▶ _Task directions_
Set down the lines of the data exactly, starting at the first and stopping after the line containing "Chinesischer Geschäftsmann nutzt".

▶ _Task material_
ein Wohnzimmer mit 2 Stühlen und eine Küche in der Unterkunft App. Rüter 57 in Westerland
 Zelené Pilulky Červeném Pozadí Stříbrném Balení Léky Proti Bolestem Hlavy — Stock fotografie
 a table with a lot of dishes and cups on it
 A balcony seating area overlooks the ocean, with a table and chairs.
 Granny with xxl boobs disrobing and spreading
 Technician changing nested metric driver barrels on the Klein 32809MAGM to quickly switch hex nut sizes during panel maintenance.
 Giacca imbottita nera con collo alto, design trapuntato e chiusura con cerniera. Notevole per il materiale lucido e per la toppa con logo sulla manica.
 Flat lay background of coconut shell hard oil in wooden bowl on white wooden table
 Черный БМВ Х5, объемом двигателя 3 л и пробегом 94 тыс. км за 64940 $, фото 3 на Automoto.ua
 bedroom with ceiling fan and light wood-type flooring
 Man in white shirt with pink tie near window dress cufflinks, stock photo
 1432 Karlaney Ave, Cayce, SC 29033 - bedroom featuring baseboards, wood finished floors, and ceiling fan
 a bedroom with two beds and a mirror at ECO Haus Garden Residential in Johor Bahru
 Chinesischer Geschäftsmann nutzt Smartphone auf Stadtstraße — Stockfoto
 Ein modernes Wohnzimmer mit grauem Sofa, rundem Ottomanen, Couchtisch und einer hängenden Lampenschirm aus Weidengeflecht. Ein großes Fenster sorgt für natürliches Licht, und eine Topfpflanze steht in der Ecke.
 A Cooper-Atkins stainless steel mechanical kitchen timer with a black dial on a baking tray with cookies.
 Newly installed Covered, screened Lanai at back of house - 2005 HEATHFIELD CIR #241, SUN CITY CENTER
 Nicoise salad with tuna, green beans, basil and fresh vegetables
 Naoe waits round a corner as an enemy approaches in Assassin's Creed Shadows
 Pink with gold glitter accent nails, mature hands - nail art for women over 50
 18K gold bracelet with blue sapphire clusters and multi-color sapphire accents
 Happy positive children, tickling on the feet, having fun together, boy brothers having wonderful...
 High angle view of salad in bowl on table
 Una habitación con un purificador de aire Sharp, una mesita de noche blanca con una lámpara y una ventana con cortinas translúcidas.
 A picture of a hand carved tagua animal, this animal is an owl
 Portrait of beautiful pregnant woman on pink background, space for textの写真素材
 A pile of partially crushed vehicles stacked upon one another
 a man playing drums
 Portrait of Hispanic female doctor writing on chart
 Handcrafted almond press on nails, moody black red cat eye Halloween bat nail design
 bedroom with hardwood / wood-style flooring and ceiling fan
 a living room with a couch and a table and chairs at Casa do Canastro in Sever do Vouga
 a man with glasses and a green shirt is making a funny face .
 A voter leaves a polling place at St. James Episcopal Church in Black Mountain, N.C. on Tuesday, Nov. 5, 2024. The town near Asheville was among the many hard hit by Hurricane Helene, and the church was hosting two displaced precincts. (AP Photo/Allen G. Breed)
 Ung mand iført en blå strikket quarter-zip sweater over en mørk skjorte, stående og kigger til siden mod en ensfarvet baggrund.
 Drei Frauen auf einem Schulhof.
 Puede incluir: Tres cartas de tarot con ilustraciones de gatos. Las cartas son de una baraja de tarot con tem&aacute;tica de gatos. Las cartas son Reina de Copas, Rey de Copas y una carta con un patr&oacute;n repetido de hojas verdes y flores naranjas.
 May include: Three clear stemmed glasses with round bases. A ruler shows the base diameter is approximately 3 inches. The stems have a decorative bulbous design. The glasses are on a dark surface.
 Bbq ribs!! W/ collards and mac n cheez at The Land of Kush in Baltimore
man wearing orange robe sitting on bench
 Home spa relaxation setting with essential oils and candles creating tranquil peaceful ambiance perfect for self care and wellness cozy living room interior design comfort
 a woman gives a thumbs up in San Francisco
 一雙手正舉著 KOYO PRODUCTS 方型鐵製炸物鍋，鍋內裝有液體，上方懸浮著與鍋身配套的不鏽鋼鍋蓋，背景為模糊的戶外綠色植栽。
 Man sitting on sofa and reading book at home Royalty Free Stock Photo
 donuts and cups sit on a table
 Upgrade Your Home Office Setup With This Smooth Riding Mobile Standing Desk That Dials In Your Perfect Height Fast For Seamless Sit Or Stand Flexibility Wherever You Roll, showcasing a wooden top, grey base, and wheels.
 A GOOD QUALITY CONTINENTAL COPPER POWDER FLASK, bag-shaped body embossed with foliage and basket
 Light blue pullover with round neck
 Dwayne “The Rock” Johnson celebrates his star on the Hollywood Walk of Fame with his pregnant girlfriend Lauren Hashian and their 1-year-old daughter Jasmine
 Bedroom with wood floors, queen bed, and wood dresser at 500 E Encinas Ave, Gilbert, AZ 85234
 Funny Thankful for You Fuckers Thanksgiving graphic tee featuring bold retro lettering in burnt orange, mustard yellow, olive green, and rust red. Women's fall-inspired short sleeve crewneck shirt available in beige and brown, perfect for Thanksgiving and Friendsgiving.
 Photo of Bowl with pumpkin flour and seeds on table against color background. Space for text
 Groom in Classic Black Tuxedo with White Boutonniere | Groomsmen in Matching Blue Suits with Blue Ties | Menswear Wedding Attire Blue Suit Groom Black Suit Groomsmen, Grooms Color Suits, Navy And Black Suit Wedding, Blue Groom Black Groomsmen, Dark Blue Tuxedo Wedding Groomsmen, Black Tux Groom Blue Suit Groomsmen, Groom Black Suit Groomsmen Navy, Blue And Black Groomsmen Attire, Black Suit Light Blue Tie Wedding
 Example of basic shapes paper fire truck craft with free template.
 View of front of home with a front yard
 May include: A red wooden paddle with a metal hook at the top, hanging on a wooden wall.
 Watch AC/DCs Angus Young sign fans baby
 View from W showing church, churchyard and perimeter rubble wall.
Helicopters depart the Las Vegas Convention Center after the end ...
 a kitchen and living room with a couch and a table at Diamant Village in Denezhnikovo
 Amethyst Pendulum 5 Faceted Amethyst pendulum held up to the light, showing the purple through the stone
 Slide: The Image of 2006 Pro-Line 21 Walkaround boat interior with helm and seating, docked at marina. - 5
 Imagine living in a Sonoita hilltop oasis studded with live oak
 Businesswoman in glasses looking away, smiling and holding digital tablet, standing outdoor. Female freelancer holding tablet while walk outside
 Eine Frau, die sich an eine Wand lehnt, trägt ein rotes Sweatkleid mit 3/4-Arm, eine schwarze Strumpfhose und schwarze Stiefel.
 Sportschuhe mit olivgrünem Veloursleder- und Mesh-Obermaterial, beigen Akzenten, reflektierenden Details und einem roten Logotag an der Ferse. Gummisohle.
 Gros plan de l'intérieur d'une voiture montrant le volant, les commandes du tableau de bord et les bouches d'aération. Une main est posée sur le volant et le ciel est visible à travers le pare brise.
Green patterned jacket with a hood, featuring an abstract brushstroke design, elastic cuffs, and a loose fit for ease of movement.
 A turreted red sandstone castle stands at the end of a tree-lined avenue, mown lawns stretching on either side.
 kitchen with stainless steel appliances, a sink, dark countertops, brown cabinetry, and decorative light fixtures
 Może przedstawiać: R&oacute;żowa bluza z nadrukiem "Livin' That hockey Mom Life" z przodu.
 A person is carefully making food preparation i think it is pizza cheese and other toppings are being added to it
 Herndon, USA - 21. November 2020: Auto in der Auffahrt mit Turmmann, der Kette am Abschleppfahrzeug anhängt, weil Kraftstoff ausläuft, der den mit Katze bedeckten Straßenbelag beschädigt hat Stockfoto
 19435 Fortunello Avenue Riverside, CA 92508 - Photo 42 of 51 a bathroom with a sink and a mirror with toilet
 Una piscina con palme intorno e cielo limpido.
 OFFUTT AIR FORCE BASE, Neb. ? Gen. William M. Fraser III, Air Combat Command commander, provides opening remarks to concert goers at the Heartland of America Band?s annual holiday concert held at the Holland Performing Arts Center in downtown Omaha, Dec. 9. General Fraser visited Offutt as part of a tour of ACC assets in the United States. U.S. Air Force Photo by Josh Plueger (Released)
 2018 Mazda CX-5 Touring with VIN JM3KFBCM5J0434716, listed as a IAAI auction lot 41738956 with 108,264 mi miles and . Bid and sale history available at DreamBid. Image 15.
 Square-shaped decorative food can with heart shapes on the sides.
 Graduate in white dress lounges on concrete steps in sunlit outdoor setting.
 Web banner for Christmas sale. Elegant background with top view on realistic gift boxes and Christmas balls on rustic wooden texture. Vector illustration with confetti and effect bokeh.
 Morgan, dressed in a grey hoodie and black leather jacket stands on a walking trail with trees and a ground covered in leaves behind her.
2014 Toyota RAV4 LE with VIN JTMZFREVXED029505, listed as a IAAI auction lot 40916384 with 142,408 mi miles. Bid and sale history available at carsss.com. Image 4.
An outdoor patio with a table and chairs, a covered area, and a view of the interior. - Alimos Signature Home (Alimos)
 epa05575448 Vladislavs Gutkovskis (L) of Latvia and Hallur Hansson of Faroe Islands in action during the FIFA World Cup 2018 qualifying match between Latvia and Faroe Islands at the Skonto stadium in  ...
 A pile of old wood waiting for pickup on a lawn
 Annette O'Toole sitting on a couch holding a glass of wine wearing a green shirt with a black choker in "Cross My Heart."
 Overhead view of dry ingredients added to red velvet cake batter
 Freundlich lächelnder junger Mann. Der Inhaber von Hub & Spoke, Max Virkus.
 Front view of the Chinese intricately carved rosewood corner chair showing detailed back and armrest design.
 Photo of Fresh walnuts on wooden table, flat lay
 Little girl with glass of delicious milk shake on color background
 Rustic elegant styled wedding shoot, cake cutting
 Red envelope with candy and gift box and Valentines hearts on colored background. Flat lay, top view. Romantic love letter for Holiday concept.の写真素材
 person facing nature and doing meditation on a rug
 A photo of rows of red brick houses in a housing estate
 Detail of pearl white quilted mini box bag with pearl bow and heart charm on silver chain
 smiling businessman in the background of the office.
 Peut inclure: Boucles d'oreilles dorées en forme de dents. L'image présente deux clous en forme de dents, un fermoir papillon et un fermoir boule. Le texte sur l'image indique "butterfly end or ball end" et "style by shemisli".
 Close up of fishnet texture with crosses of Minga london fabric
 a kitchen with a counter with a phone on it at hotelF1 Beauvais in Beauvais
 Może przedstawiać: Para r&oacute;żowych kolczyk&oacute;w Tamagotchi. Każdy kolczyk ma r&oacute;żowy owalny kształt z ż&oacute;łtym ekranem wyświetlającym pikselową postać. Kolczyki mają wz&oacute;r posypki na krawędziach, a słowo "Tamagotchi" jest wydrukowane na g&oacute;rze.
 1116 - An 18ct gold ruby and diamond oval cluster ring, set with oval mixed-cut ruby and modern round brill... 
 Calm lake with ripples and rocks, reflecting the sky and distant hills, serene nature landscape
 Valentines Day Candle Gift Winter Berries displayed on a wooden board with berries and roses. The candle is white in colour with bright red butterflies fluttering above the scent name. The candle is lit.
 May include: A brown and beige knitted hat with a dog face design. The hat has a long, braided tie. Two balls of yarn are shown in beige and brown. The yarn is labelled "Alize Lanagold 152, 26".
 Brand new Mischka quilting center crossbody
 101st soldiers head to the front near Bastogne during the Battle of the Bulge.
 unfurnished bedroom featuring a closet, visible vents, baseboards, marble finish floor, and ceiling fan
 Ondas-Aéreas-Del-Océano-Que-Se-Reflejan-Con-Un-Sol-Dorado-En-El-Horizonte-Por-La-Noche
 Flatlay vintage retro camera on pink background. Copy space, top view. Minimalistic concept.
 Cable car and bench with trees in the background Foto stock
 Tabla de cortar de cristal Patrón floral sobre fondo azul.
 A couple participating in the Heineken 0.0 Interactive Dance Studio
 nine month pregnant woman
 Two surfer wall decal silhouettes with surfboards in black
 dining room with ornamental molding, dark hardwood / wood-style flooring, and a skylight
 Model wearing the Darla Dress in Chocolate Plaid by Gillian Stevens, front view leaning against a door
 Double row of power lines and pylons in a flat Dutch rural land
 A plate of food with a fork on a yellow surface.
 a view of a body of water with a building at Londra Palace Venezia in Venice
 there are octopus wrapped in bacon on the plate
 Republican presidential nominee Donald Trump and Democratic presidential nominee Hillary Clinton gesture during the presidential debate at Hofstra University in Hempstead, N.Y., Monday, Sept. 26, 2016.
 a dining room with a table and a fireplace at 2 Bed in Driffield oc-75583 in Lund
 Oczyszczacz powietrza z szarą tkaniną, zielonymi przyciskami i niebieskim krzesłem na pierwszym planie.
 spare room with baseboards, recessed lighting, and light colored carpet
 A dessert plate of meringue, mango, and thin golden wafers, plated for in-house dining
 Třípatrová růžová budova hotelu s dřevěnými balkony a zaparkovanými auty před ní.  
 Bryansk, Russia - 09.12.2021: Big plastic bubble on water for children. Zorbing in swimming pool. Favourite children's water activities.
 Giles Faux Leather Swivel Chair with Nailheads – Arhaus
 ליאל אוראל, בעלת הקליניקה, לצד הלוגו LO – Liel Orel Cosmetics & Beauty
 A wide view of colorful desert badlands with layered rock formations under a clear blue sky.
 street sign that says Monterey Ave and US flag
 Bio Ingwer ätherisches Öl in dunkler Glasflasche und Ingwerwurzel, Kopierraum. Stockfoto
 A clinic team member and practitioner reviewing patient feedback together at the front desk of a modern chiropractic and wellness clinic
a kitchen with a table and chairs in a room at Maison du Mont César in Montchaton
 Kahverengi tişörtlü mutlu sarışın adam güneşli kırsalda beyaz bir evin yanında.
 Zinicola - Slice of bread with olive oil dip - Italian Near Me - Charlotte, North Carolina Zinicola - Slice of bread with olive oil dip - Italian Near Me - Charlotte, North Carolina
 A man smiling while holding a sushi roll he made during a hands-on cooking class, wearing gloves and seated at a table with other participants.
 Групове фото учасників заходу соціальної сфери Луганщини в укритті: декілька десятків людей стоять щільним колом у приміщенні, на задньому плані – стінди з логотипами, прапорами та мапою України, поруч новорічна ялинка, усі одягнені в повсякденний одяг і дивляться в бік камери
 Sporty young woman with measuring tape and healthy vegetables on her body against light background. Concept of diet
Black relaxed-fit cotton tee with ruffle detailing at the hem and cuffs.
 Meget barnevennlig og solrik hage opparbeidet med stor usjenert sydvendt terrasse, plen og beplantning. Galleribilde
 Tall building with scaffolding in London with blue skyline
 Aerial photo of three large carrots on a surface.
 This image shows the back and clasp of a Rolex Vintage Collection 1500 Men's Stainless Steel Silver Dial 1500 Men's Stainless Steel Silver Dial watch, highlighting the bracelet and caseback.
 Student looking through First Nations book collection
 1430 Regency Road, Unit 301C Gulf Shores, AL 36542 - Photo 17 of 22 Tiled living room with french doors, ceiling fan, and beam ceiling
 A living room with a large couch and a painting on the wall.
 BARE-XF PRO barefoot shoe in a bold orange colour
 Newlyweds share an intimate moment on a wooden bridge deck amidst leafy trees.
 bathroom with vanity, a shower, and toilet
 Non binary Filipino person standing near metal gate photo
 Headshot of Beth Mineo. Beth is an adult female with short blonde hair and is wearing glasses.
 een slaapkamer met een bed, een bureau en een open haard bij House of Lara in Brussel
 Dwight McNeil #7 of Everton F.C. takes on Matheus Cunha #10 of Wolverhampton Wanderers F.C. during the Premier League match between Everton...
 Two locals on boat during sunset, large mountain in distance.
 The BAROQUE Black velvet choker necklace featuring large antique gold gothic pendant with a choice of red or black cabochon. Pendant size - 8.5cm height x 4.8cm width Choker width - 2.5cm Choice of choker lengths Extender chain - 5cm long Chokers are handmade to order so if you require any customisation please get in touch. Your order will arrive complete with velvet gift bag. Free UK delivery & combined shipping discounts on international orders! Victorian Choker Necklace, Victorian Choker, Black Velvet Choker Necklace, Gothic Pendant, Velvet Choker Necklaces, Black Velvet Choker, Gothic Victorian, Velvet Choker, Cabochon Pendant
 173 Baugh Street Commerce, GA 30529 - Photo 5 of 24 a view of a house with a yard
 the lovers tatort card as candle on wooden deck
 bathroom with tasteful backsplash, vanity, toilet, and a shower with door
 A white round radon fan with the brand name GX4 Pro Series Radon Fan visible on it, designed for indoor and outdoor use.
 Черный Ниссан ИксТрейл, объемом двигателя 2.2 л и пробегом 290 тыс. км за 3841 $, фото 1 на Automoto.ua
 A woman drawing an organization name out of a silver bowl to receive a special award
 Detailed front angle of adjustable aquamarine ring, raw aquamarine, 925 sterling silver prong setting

▶ _Answer section_
ein Wohnzimmer mit 2 Stühlen und eine Küche in der Unterkunft App. Rüter 57 in Westerland
 Zelené Pilulky Červeném Pozadí Stříbrném Balení Léky Proti Bolestem Hlavy — Stock fotografie
 a table with a lot of dishes and cups on it
 A balcony seating area overlooks the ocean, with a table and chairs.
 Granny with xxl boobs disrobing and spreading
 Technician changing nested metric driver barrels on the Klein 32809MAGM to quickly switch hex nut sizes during panel maintenance.
 Giacca imbottita nera con collo alto, design trapuntato e chiusura con cerniera. Notevole per il materiale lucido e per la toppa con logo sulla manica.
 Flat lay background of coconut shell hard oil in wooden bowl on white wooden table
 Черный БМВ Х5, объемом двигателя 3 л и пробегом 94 тыс. км за 64940 $, фото 3 на Automoto.ua
 bedroom with ceiling fan and light wood-type flooring
 Man in white shirt with pink tie near window dress cufflinks, stock photo
 1432 Karlaney Ave, Cayce, SC 29033 - bedroom featuring baseboards, wood finished floors, and ceiling fan
 a bedroom with two beds and a mirror at ECO Haus Garden Residential in Johor Bahru
 Chinesischer Geschäftsmann nutzt Smartphone auf Stadtstraße — Stockfoto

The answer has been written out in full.